Il est tout à fait possible que le problème vienne de moi : je n’ai pas été sensible à l’écriture de Laura Vazquez, pour laquelle je n’ai pas de meilleure qualification que « logorrhéique ». Les Forces est une logorrhée de 300 pages, un flot ininterrompu de pensées sur la société, le capitalisme et l’existence alternant des phrases très longues scandées de virgules à la place des points, un peu à la Houellebecq ou comme Kev Lambert dans la première partie de Que notre joie demeure, et des successions de phrases très courtes qui provoquent chez le lecteur (en tous cas chez moi) une sensation d’étouffement, de vertige, de trop-plein. On ne sait plus où respirer, au sens musical du terme. La première partie sur les cinq du livre m’a bien intéressé : la narratrice s’interroge sur l’ordre social, le rôle du langage… Il y a des formules très bien trouvées, à commencer par l’incipit évoquant celui de Mars de Fritz Zorn (« Les heures étaient longues dans mon enfance, mais je ne me suis pas tuée. », p. 11), et des phrases assassines sur le vide du langage ordinaire contemporain.
Certaines personnes écrivent au mur les émotions qu’elles s’ordonnent de ressentir. J’ai vu dans des appartements les mots : bonheur, sourire, ou gratitude, sur les murs.
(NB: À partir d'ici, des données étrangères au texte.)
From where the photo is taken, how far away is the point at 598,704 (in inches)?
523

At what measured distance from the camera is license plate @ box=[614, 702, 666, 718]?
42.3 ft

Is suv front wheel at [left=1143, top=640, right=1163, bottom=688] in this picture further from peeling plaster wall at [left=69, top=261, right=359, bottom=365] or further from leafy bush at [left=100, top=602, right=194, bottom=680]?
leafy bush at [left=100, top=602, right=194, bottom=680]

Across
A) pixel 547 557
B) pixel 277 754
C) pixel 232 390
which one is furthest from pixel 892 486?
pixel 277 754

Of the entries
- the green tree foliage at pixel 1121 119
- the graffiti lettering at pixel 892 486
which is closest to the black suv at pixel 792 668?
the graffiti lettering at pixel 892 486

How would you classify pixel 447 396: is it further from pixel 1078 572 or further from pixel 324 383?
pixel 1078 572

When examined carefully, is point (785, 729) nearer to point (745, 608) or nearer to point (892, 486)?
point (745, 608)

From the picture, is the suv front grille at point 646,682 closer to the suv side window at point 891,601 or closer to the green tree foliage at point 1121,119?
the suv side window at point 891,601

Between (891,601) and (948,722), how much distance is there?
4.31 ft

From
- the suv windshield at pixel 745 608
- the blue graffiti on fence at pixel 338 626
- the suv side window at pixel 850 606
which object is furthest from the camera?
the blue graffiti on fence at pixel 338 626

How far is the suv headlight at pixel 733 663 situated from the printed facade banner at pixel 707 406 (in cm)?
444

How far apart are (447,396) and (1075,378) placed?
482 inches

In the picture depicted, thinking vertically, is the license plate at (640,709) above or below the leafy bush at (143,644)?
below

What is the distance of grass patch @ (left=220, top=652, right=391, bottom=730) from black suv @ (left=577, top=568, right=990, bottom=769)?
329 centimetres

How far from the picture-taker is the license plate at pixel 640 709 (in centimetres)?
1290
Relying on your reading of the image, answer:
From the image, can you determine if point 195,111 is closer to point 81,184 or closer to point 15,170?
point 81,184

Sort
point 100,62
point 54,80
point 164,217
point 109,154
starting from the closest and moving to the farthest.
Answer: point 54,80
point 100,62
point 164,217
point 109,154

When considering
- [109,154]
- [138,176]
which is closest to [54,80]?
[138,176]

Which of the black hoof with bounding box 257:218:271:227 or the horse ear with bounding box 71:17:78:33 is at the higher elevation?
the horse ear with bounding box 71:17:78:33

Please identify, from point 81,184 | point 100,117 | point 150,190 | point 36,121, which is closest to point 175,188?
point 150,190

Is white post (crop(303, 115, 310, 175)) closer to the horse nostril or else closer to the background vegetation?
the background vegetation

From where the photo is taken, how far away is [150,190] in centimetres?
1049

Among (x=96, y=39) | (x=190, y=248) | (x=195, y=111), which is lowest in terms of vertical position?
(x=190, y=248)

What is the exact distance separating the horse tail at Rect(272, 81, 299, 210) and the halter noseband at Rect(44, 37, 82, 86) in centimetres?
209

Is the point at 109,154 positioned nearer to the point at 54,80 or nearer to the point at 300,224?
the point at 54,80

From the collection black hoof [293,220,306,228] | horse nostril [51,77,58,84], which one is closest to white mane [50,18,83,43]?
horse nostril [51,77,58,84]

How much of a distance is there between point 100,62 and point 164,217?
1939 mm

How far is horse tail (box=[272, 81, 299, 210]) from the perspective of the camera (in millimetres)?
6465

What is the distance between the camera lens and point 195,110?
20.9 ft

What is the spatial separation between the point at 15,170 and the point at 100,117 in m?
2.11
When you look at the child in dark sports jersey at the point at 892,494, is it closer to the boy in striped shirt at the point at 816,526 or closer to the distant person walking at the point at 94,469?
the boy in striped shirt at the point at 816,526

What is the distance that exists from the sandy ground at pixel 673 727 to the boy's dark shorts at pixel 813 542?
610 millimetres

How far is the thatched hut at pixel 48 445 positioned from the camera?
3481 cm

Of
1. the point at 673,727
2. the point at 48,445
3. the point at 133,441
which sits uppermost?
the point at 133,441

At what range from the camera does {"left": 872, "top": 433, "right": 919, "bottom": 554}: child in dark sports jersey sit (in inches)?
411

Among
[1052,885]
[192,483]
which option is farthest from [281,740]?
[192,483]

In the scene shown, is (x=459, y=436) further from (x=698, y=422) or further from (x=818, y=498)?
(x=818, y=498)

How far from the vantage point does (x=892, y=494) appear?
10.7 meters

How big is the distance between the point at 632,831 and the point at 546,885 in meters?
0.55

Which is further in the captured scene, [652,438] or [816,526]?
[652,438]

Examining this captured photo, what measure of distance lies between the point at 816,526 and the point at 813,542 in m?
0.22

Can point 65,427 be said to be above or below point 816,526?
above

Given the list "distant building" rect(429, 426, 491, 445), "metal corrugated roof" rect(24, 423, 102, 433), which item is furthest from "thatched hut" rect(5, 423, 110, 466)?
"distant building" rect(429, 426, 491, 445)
La plupart du temps, ces niaiseries se présentent sous leur forme anglaise : happiness, love, smile, au-dessus du lit, dans le couloir, ou sur le paillasson (…) Les êtres humains imaginent le langage comme un appareil capable de produire des vérités. Voici leur logique : si j’écris happiness au-dessus de mon lit, le bonheur apparaît. La salle de bains existe, mais je veux qu’elle existe à travers ma parole, je veux qu’elle existe mieux. J’écris salle de bains sur la porte de la salle de bains. Je l’écris et cela me plaît. Puisque cela me plaît, cela est bon. » (p. 17-18)
L’essentiel du roman repose sur des rencontres, sur le modèle du roman d’apprentissage : une pythie-poète dans un bar lesbien, puis tout un tas de gourous de sectes fantaisistes (la secte des gestes, de l’absolue non-certitude, des verbes être et vivre) dont certaines sont de très bonnes idées ; mes préférées sont celle du sommeil, qui revendique le sommeil et l’improductivité comme des moyens de résistance (ses membres parlent en baaaillant), et celle de l’extrême bien dont les membres ne doivent utiliser que des qualificatifs positifs, en toute circonstance.
Le sommeil est le dernier espaaace de liberté àaa l’heure aaactuelle (…) Lorsque vous dormez, vous produisez de l’aaabstraction, de l’espaaace, vous ne consommez rien, vous n’aaavez plus d’utilité. Laaa société moderne souhaite blesser votre sommeil. Elle aaa pour but de le briser. Aaalors laaa quaalité de votre sommeil diminue. Le plan est en maaarche. Plus la quaaalité de votre sommeil diminue, plus vous consommez. Plus vos heures de sommeil diminuent, plus vous perdez vos pensées, et le fil de vos pensées. (p. 194)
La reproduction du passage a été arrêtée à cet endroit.